[SUPPLIED RECORDS — start]

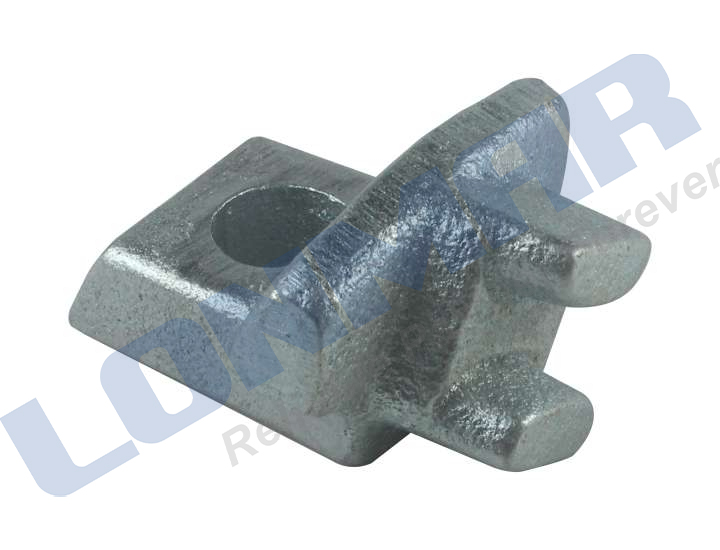 1755057M2 3615259M1 3615259M2 Rim Clamp Suitable for Massey Ferguson 398,399,3050,3060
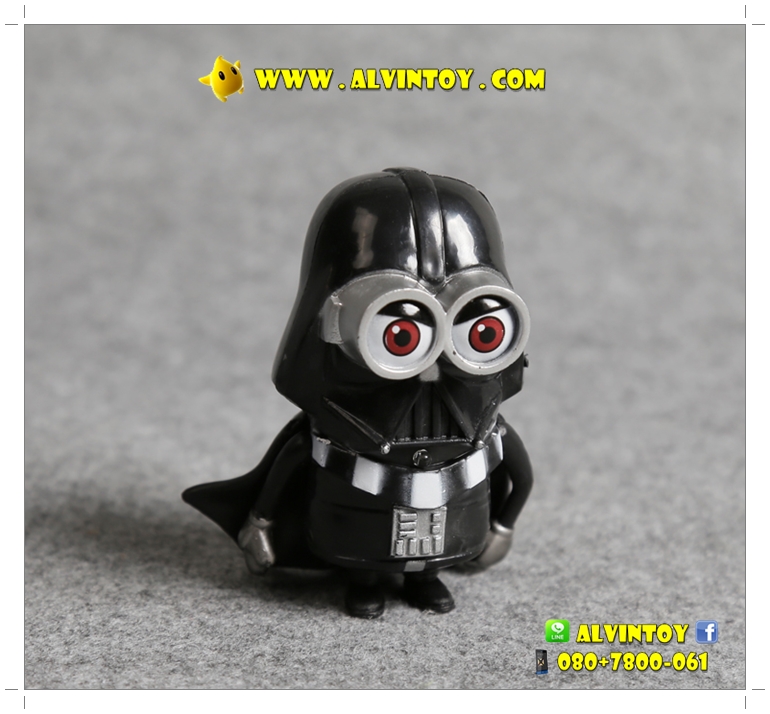 Figure Minions Star Wars AL1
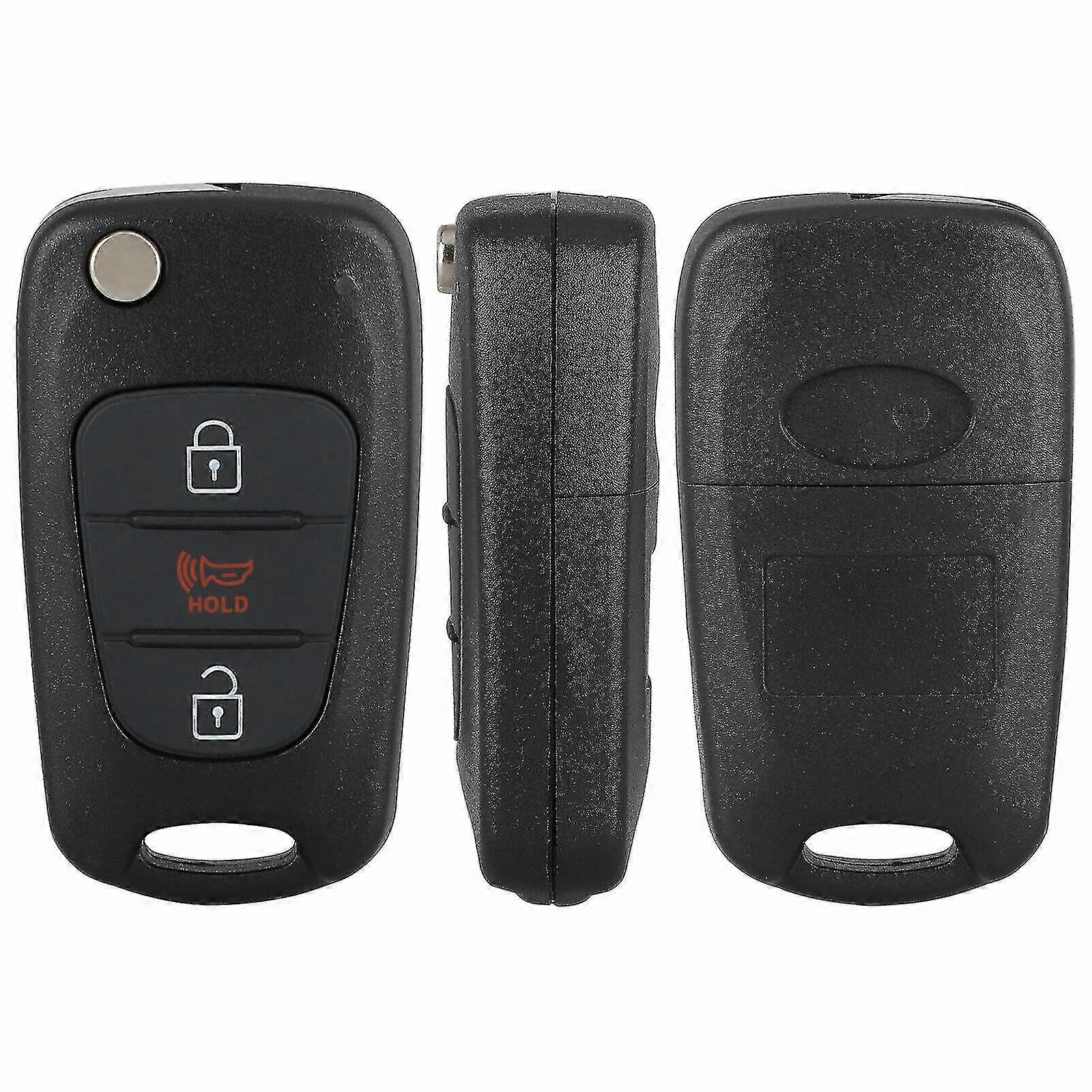 car Key Shell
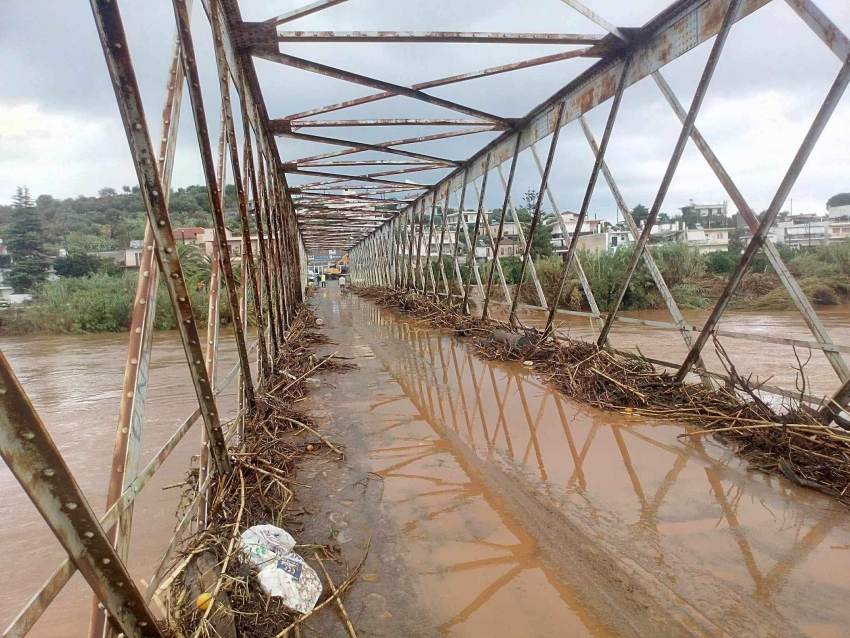 ΕΥΡΩΤΑΣ: ΠΗΓΗ ΖΩΗΣ-ΠΟΤΑΜΙ ΟΡΓΗΣ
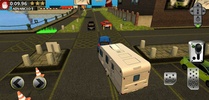 Ferry Port Trucker Parking Simulator screenshot 2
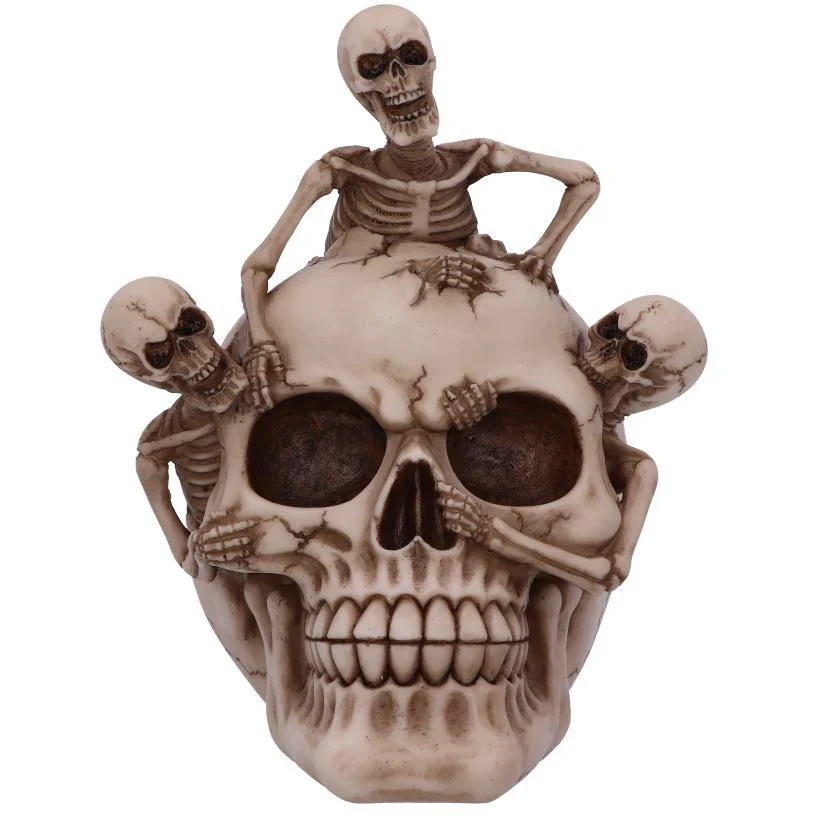 Breaking Free Skull - Image 4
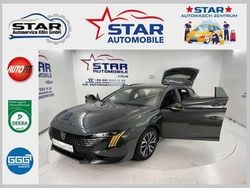 Grau Gebraucht 2024 Peugeot 508 Allure Kombi | 28.990 € (Guter Preis)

[SUPPLIED RECORDS — finish]

DIRECTIONS >> Please return the lines from the line with "Figure Minions Star Wars AL1" through the last line of the data, both included, exactly, and without pictures.

RESPONSE BELOW >>
 Figure Minions Star Wars AL1
 car Key Shell
 ΕΥΡΩΤΑΣ: ΠΗΓΗ ΖΩΗΣ-ΠΟΤΑΜΙ ΟΡΓΗΣ
 Ferry Port Trucker Parking Simulator screenshot 2
 Breaking Free Skull - Image 4
 Grau Gebraucht 2024 Peugeot 508 Allure Kombi | 28.990 € (Guter Preis)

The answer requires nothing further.